== Task statement ==
The expected output is an exact restatement of all the records.

---------- Supplied data ----------

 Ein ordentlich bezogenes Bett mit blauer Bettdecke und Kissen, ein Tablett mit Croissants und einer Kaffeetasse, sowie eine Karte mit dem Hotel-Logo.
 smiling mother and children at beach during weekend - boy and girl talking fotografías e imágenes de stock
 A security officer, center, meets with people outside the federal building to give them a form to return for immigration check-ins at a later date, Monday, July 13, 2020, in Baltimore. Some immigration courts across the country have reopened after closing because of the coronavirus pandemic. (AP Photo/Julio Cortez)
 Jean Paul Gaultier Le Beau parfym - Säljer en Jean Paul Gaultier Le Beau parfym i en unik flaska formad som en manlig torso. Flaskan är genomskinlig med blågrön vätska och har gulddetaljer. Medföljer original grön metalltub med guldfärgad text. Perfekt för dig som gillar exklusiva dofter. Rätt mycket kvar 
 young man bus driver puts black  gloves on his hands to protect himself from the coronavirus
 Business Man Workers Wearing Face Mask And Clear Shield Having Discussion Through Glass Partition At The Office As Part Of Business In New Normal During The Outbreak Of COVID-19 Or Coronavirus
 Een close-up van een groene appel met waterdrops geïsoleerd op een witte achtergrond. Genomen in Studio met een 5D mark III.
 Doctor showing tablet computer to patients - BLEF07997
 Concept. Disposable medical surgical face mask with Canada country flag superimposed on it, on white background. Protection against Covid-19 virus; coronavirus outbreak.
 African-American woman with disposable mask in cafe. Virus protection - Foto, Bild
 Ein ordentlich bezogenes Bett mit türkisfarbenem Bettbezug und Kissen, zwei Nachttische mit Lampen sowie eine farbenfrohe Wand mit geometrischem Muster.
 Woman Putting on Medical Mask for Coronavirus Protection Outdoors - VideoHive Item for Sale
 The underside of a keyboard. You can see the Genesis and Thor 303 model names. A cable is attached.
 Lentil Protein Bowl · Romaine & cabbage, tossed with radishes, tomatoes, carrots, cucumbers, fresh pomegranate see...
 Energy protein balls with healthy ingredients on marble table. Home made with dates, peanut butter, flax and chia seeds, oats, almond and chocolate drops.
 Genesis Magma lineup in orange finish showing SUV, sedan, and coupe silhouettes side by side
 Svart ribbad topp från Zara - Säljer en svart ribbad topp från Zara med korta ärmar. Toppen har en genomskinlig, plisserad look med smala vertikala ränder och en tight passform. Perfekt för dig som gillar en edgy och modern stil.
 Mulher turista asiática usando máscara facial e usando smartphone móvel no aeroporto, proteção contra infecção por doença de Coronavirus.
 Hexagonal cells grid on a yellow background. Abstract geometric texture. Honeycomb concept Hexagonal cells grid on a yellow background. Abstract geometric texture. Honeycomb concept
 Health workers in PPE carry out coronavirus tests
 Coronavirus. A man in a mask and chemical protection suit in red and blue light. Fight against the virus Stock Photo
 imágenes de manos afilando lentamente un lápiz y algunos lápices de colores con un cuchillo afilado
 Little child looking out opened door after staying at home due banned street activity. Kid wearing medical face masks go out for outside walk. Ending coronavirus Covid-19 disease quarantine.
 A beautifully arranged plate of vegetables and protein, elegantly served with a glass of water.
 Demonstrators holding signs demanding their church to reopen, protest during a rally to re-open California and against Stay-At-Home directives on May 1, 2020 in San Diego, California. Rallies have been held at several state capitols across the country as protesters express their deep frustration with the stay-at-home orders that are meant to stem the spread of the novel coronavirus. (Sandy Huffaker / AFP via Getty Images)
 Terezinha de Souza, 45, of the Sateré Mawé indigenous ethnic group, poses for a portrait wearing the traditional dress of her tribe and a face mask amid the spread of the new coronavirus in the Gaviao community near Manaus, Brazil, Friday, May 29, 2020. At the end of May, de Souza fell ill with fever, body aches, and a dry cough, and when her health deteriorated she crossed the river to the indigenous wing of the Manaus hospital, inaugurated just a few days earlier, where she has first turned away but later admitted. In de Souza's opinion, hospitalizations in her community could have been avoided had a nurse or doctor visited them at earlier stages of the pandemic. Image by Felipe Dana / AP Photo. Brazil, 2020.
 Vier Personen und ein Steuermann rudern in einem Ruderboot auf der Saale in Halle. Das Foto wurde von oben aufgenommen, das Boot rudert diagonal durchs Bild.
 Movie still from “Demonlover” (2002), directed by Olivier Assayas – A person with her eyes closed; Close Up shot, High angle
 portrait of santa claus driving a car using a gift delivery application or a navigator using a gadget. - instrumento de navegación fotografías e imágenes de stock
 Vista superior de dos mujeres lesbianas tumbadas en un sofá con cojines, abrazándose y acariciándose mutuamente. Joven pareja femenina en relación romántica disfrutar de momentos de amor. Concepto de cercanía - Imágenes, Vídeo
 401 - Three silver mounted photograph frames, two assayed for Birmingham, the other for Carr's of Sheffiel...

----------

== Solution to this task ==
 Ein ordentlich bezogenes Bett mit blauer Bettdecke und Kissen, ein Tablett mit Croissants und einer Kaffeetasse, sowie eine Karte mit dem Hotel-Logo.
 smiling mother and children at beach during weekend - boy and girl talking fotografías e imágenes de stock
 A security officer, center, meets with people outside the federal building to give them a form to return for immigration check-ins at a later date, Monday, July 13, 2020, in Baltimore. Some immigration courts across the country have reopened after closing because of the coronavirus pandemic. (AP Photo/Julio Cortez)
 Jean Paul Gaultier Le Beau parfym - Säljer en Jean Paul Gaultier Le Beau parfym i en unik flaska formad som en manlig torso. Flaskan är genomskinlig med blågrön vätska och har gulddetaljer. Medföljer original grön metalltub med guldfärgad text. Perfekt för dig som gillar exklusiva dofter. Rätt mycket kvar 
 young man bus driver puts black  gloves on his hands to protect himself from the coronavirus
 Business Man Workers Wearing Face Mask And Clear Shield Having Discussion Through Glass Partition At The Office As Part Of Business In New Normal During The Outbreak Of COVID-19 Or Coronavirus
 Een close-up van een groene appel met waterdrops geïsoleerd op een witte achtergrond. Genomen in Studio met een 5D mark III.
 Doctor showing tablet computer to patients - BLEF07997
 Concept. Disposable medical surgical face mask with Canada country flag superimposed on it, on white background. Protection against Covid-19 virus; coronavirus outbreak.
 African-American woman with disposable mask in cafe. Virus protection - Foto, Bild
 Ein ordentlich bezogenes Bett mit türkisfarbenem Bettbezug und Kissen, zwei Nachttische mit Lampen sowie eine farbenfrohe Wand mit geometrischem Muster.
 Woman Putting on Medical Mask for Coronavirus Protection Outdoors - VideoHive Item for Sale
 The underside of a keyboard. You can see the Genesis and Thor 303 model names. A cable is attached.
 Lentil Protein Bowl · Romaine & cabbage, tossed with radishes, tomatoes, carrots, cucumbers, fresh pomegranate see...
 Energy protein balls with healthy ingredients on marble table. Home made with dates, peanut butter, flax and chia seeds, oats, almond and chocolate drops.
 Genesis Magma lineup in orange finish showing SUV, sedan, and coupe silhouettes side by side
 Svart ribbad topp från Zara - Säljer en svart ribbad topp från Zara med korta ärmar. Toppen har en genomskinlig, plisserad look med smala vertikala ränder och en tight passform. Perfekt för dig som gillar en edgy och modern stil.
 Mulher turista asiática usando máscara facial e usando smartphone móvel no aeroporto, proteção contra infecção por doença de Coronavirus.
 Hexagonal cells grid on a yellow background. Abstract geometric texture. Honeycomb concept Hexagonal cells grid on a yellow background. Abstract geometric texture. Honeycomb concept
 Health workers in PPE carry out coronavirus tests
 Coronavirus. A man in a mask and chemical protection suit in red and blue light. Fight against the virus Stock Photo
 imágenes de manos afilando lentamente un lápiz y algunos lápices de colores con un cuchillo afilado
 Little child looking out opened door after staying at home due banned street activity. Kid wearing medical face masks go out for outside walk. Ending coronavirus Covid-19 disease quarantine.
 A beautifully arranged plate of vegetables and protein, elegantly served with a glass of water.
 Demonstrators holding signs demanding their church to reopen, protest during a rally to re-open California and against Stay-At-Home directives on May 1, 2020 in San Diego, California. Rallies have been held at several state capitols across the country as protesters express their deep frustration with the stay-at-home orders that are meant to stem the spread of the novel coronavirus. (Sandy Huffaker / AFP via Getty Images)
 Terezinha de Souza, 45, of the Sateré Mawé indigenous ethnic group, poses for a portrait wearing the traditional dress of her tribe and a face mask amid the spread of the new coronavirus in the Gaviao community near Manaus, Brazil, Friday, May 29, 2020. At the end of May, de Souza fell ill with fever, body aches, and a dry cough, and when her health deteriorated she crossed the river to the indigenous wing of the Manaus hospital, inaugurated just a few days earlier, where she has first turned away but later admitted. In de Souza's opinion, hospitalizations in her community could have been avoided had a nurse or doctor visited them at earlier stages of the pandemic. Image by Felipe Dana / AP Photo. Brazil, 2020.
 Vier Personen und ein Steuermann rudern in einem Ruderboot auf der Saale in Halle. Das Foto wurde von oben aufgenommen, das Boot rudert diagonal durchs Bild.
 Movie still from “Demonlover” (2002), directed by Olivier Assayas – A person with her eyes closed; Close Up shot, High angle
 portrait of santa claus driving a car using a gift delivery application or a navigator using a gadget. - instrumento de navegación fotografías e imágenes de stock
 Vista superior de dos mujeres lesbianas tumbadas en un sofá con cojines, abrazándose y acariciándose mutuamente. Joven pareja femenina en relación romántica disfrutar de momentos de amor. Concepto de cercanía - Imágenes, Vídeo
 401 - Three silver mounted photograph frames, two assayed for Birmingham, the other for Carr's of Sheffiel...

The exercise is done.